The vast majority of those remaining on furlough are employed in the very sectors affected by the ongoing restrictions – hospitality, live events and travel.
On 1st July
- Loans to these businesses are having to be repaid
- Self employed and those excluded from financial support worried about their futures
- Grants ending
- Business rate bills arriving
- Furlough tapering off
All immediately after the Government has announced an extension of restrictions.
How on earth can the Treasury justify turning off support and sending businesses new tax bills when the Government is saying that the businesses cannot open?
On Monday the Prime Minister told the country that we need to learn to live with the virus.
So where is the much-needed plan that would enable us to do that?
- Where is the plan for greater ventilation in workplaces and in our public buildings, including schools?
- Where is the plan to shift contact tracing to a local level, when we know it works better in our communities than in a centralised Serco-led call centre?
- Where is the proper financial support for people needing to self-isolate?
These are all essential measures to saving lives and livelihoods and avoiding the stop-start that has characterised this government’s response to the pandemic.

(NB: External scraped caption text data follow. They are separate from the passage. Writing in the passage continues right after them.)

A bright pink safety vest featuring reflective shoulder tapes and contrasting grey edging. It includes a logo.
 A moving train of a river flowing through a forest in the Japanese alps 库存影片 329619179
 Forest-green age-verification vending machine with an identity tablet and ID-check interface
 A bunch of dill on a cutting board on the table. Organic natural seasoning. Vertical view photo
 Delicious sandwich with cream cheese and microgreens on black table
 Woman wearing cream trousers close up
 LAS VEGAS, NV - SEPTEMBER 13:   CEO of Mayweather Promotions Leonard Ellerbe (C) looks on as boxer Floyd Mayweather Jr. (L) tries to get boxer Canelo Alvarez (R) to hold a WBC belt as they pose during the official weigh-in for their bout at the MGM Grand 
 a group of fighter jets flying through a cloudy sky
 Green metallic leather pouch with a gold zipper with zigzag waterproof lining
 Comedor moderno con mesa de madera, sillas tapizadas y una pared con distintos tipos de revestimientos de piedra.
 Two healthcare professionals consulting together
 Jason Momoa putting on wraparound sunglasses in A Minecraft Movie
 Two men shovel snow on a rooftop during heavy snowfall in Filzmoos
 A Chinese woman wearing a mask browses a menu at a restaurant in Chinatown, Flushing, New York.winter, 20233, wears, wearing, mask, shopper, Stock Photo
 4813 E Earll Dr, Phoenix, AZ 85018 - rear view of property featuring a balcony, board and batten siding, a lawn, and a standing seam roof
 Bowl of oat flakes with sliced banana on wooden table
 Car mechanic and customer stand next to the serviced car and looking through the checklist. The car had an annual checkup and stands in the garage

And given the WhatsApp messages revealed today from the Prime Minister about his own Health Secretary.
And Mr Speaker, I’ll use more diplomatic language than the Prime Minister managed, how can we have confidence in government Ministers, when they clearly don’t have any confidence in each other.
People have given up so much over this last year.
We have pulled together and shown the best of our country.
People have done everything asked of them, and much more.
We should not be in this position today.
Businesses and workers don’t deserve to have the rug pulled from under their feet at the 11th hour.
We want to see businesses make it through and to thrive again
because they are an important part of what makes our country great,
and they are essential for driving our recovery.
We need them, and they need us.
That’s why the economic support we have should match the health restrictions that are still in place.
And that’s what the government has failed to do today.